- **Dataset section**
====
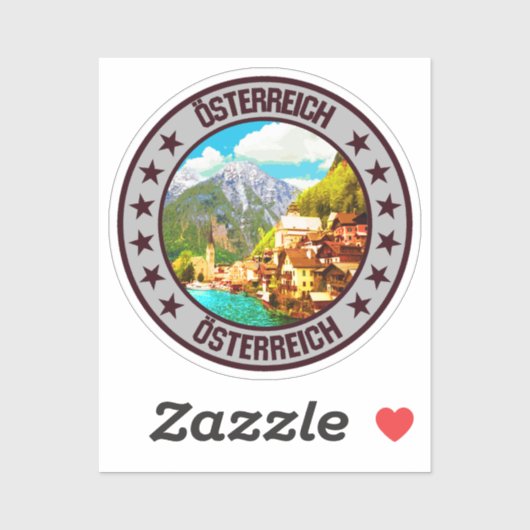 Oostenrijk Sticker (Vel)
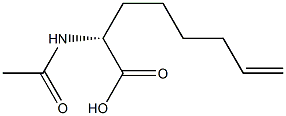 R-2-ACETYLAMINO-OCT-7-ENOIC ACID 结构式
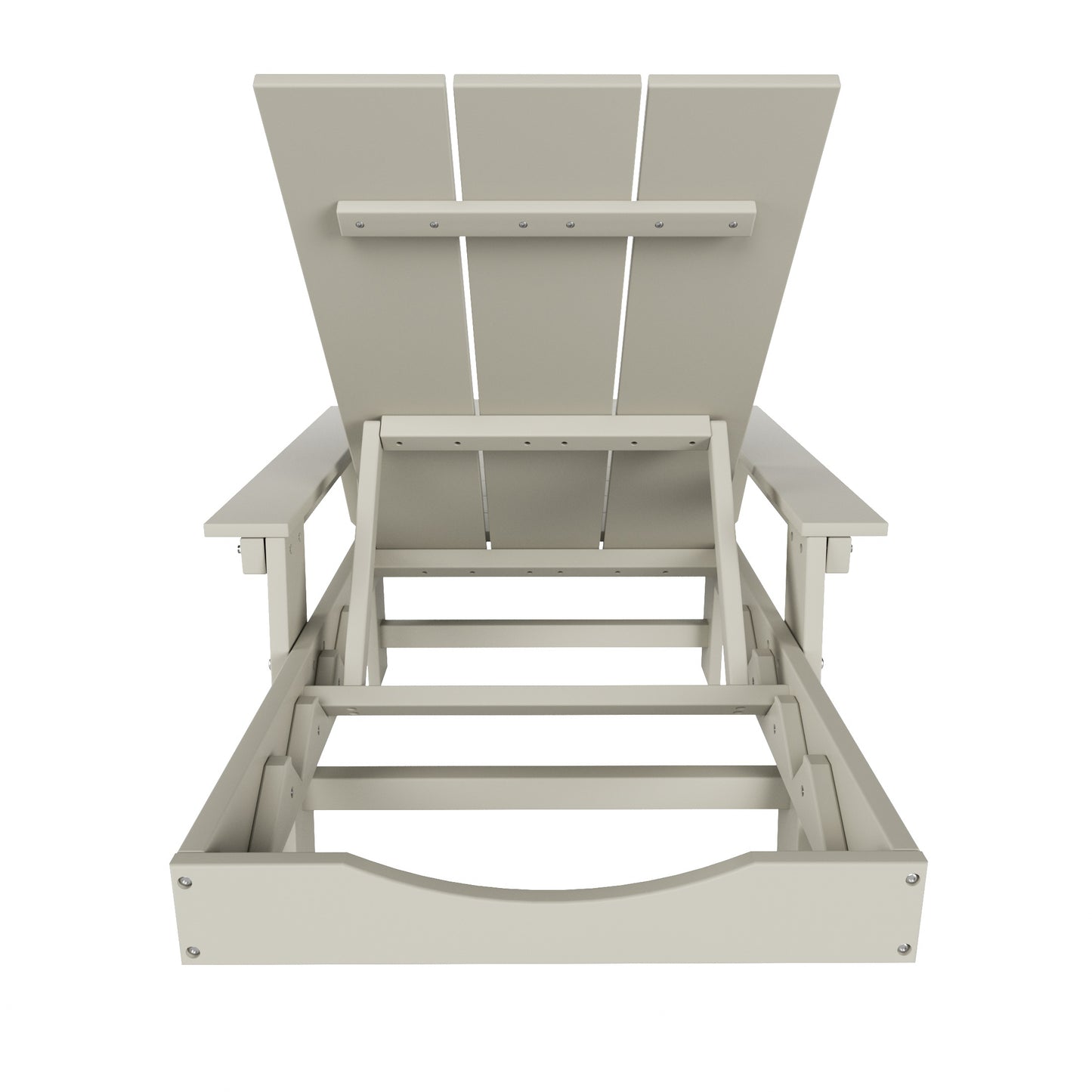 Malibu Modern All-Weather Outdoor Reclining Sun Lounger With Arm Rests & Wheels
====
- **Required action**
Restate the data word for word and exclude every picture.

- **Solved problem**
 Oostenrijk Sticker (Vel)
 R-2-ACETYLAMINO-OCT-7-ENOIC ACID 结构式
 Malibu Modern All-Weather Outdoor Reclining Sun Lounger With Arm Rests & Wheels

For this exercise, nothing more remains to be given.